Auch Citroen nahm Tempo auf. Sordo war lediglich um 2,9 Sekunden langsamer und Hirvonen um 4,7. Trotzdem war der Spanier nicht ganz zufrieden: "Ich habe weiche Reifen montiert, weil wir geglaubt haben, dass es stärker regnen würde. Das war aber nicht der Fall, wodurch wir Zeit verloren haben." Hirvonen war dagegen glücklich, weil er das Tempo gefunden hat. "Ich bin recht zufrieden. In dieser Prüfung wurde es etwas feuchter. Mit meiner Pace bin ich im Moment sehr zufrieden", so der Finne. Citroen hielt sich damit in Schlagdistanz.

Östberg behauptete seinen fünften Rang, liegt mit 1:20 Minuten Rückstand aber bereits zurück. Dahinter folgen Martin Prokop (Ford), Nasser Al-Attiyah (Ford), Robert Kubica (Citroen DS3 RRC), Elfyn Evans (Ford Fiesta R5) und Michal Kosciuszko (Ford), der über Rückenprobleme klagte. In der WRC2 führt demnach weiterhin Kubica. "Es war okay. Es gab aber einen brenzligen Moment."

Dadurch holte Evans in WP5 etwas Zeit auf den Polen auf. Es herrscht weiterhin ein Zweikampf in der zweiten Klasse, denn Evans liegt nach fünf Prüfungen nur 8,3 Sekunden zurück. "Es war eine saubere Fahrt, nicht spektakulär. Am Ende habe ich viel Zeit verloren. Es ist meine erste Rallye mit diesem Auto. Ich genieße es", so das Nachwuchstalent. Dagegen hatte Sepp Wiegand (Skoda Fabia S2000) am Vormittag mehrere Schwierigkeiten.

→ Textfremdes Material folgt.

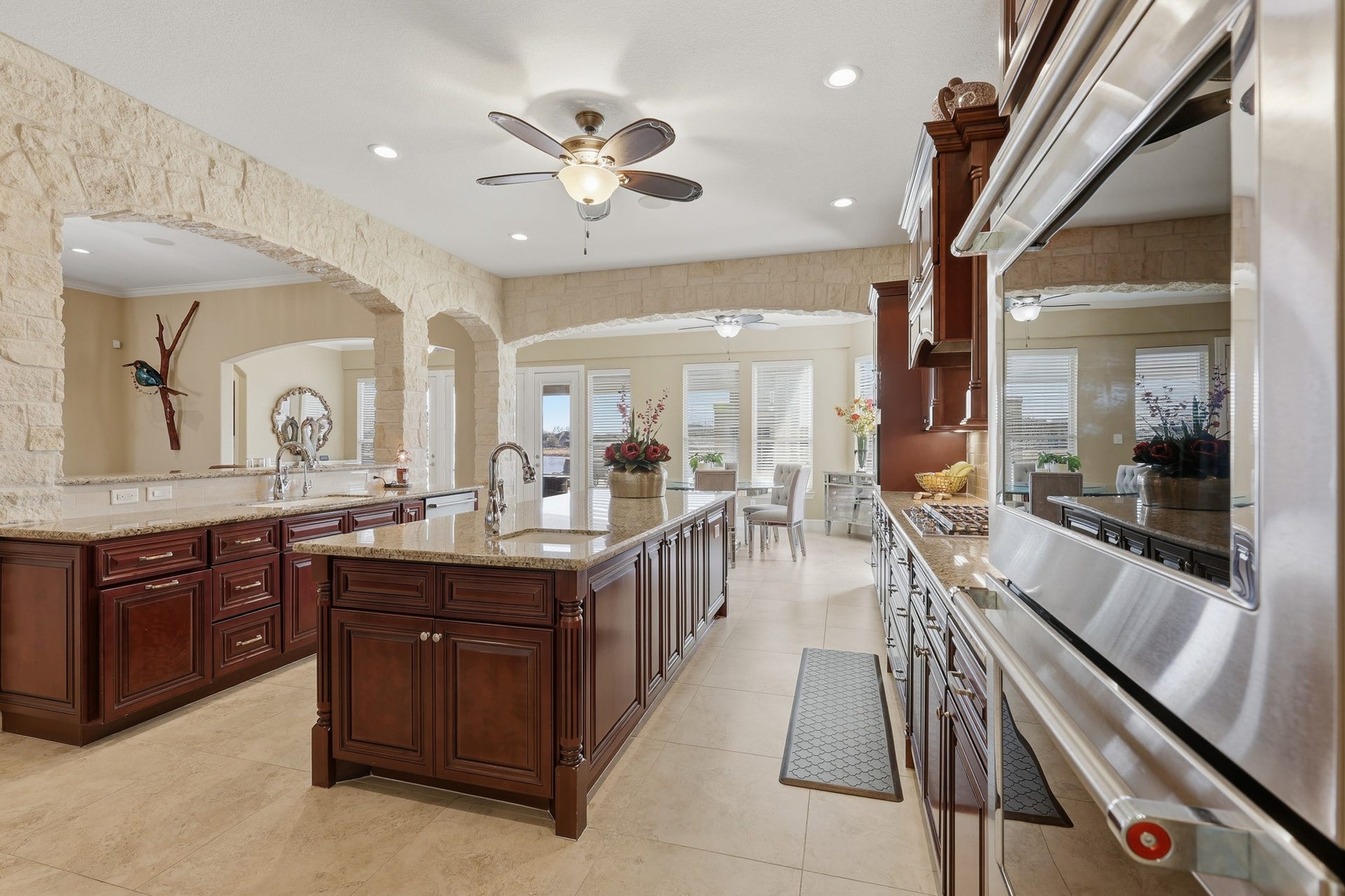 An extraordinary gourmet kitchen designed for both grand entertaining and everyday living. he oversized island anchors the space, while elegant stone archways add architectural distinction and timeless appeal.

"Es war sehr schwierig, weil es Probleme mit dem Intercom gibt", so der Deutsche. "Das Motorgeräusch ist sehr laut, weshalb ich die Ansagen kaum verstehe. Das Auto ist auch etwas zu weich abgestimmt. Ich hoffe wir können die Probleme lösen." Wiegand verteidigte Platz drei in der WRC2, sein Rückstand ist allerdings auf knapp über eine Minute angewachsen. Am Nachmittag werden diese drei Prüfungen erneut absolviert.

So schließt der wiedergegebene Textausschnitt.